-- YOUR INSTRUCTIONS --
Begin with the first line below and retype each line exactly through the line containing "Press the right". Any pictures are to be left out.

Stored data entries:
****************

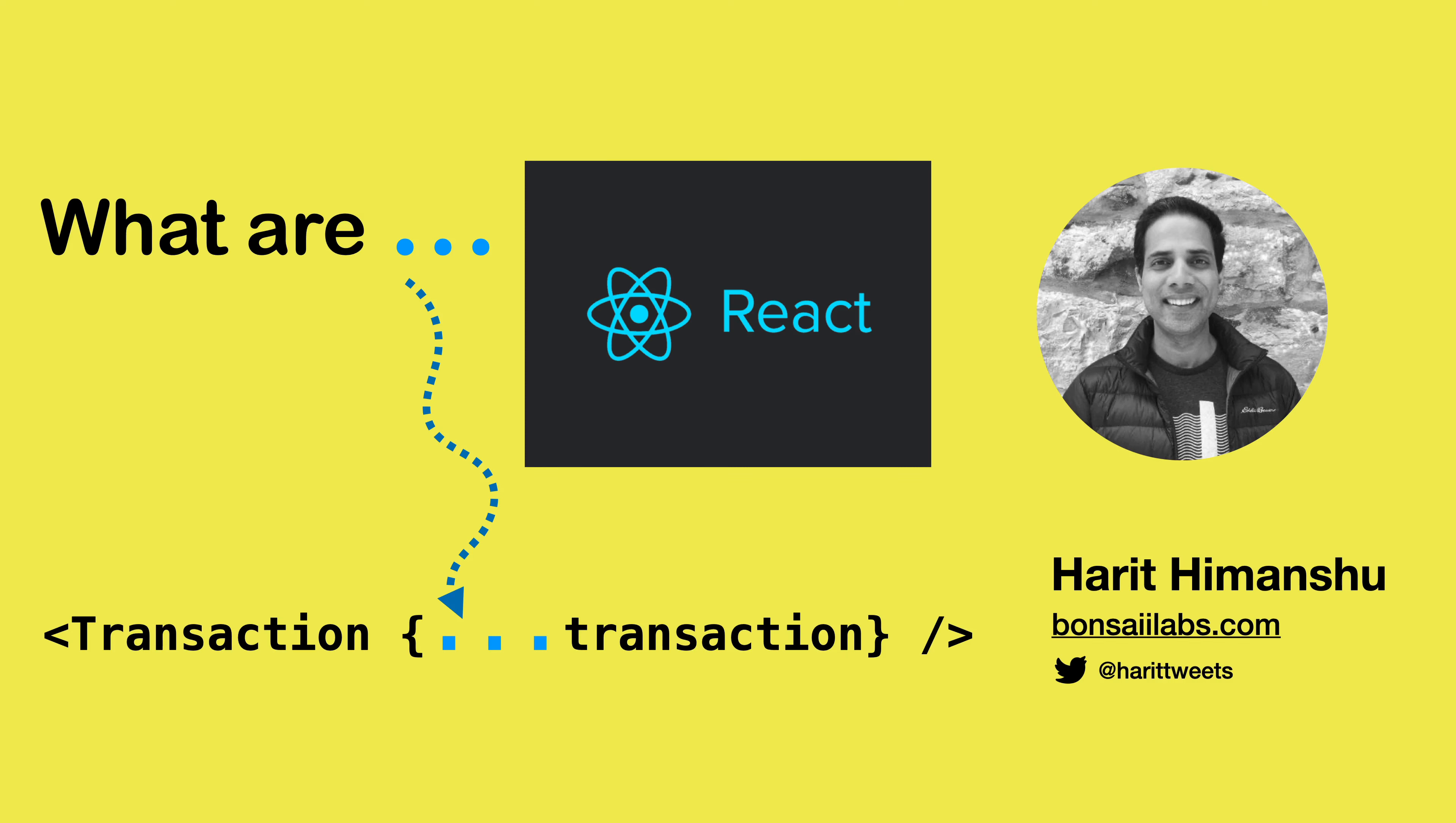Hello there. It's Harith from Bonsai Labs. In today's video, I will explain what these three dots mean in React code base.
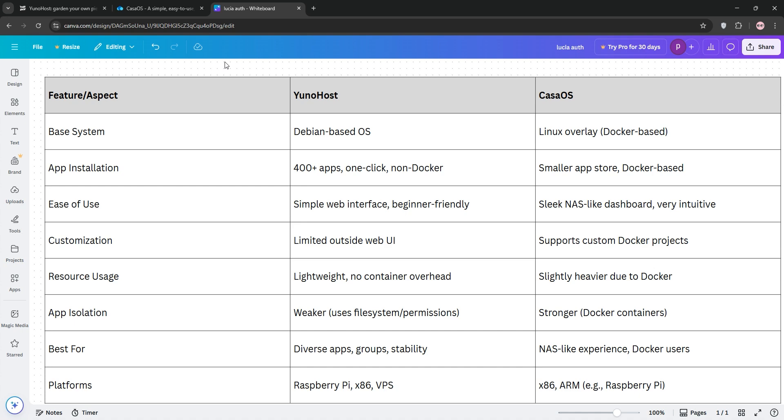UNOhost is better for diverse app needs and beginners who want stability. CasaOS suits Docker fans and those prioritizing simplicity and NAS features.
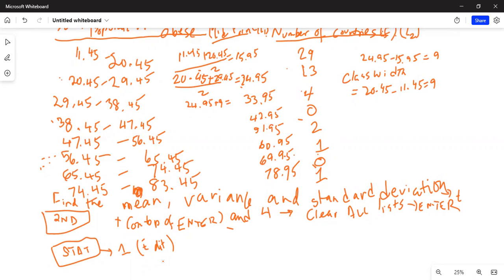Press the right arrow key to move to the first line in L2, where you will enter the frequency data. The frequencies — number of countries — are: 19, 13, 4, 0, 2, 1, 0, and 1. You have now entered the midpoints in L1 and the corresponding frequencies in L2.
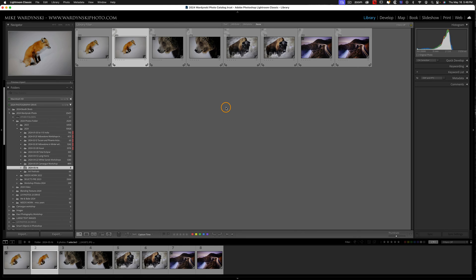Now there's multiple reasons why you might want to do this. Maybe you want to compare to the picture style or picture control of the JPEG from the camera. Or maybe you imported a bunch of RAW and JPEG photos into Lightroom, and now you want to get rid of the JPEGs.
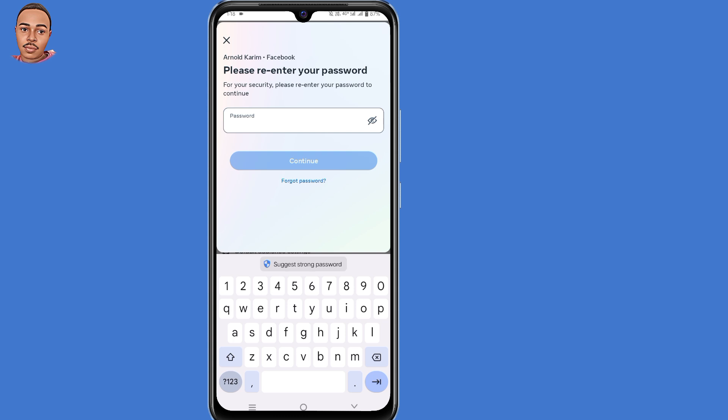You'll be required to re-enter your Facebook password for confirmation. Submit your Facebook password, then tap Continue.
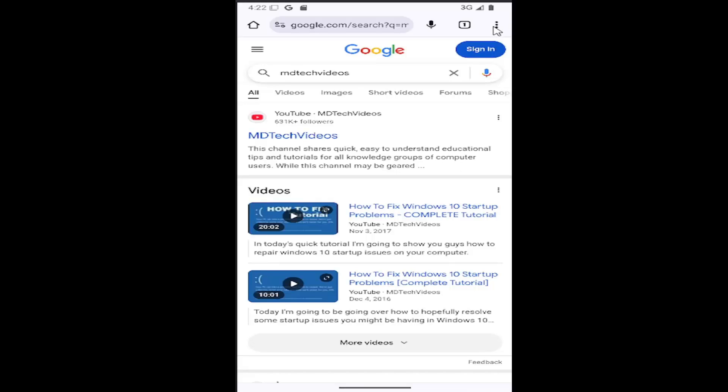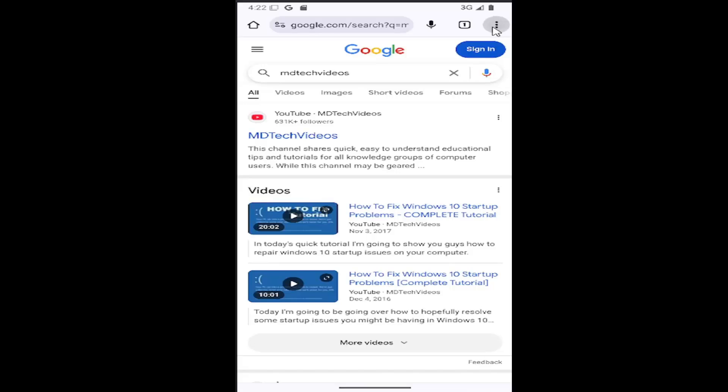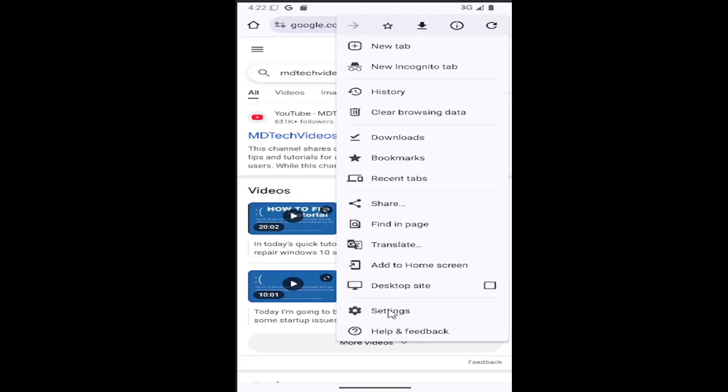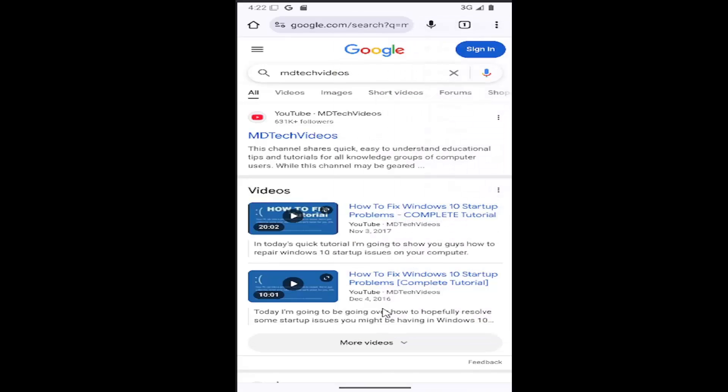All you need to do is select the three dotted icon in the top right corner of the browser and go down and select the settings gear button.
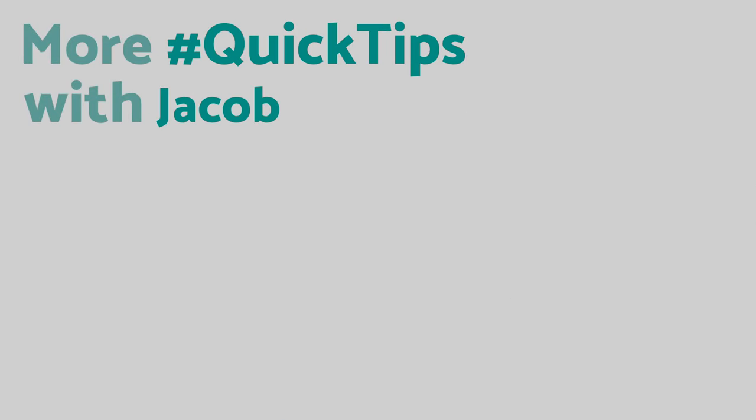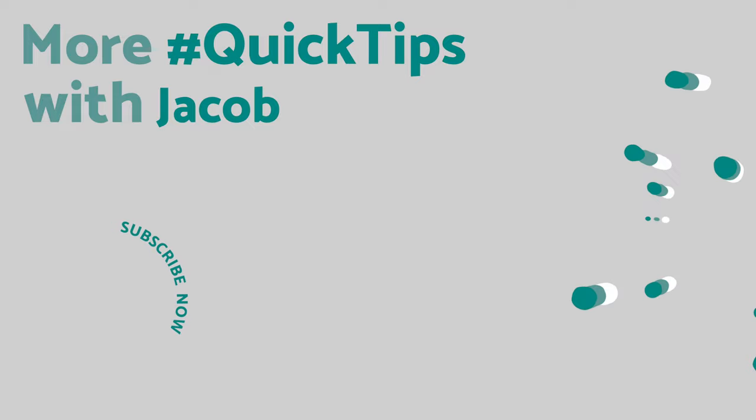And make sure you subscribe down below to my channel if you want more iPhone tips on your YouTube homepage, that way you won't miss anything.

****************

-- ANSWER TO THIS PROBLEM --
Hello there. It's Harith from Bonsai Labs. In today's video, I will explain what these three dots mean in React code base.
UNOhost is better for diverse app needs and beginners who want stability. CasaOS suits Docker fans and those prioritizing simplicity and NAS features.
Press the right arrow key to move to the first line in L2, where you will enter the frequency data. The frequencies — number of countries — are: 19, 13, 4, 0, 2, 1, 0, and 1. You have now entered the midpoints in L1 and the corresponding frequencies in L2.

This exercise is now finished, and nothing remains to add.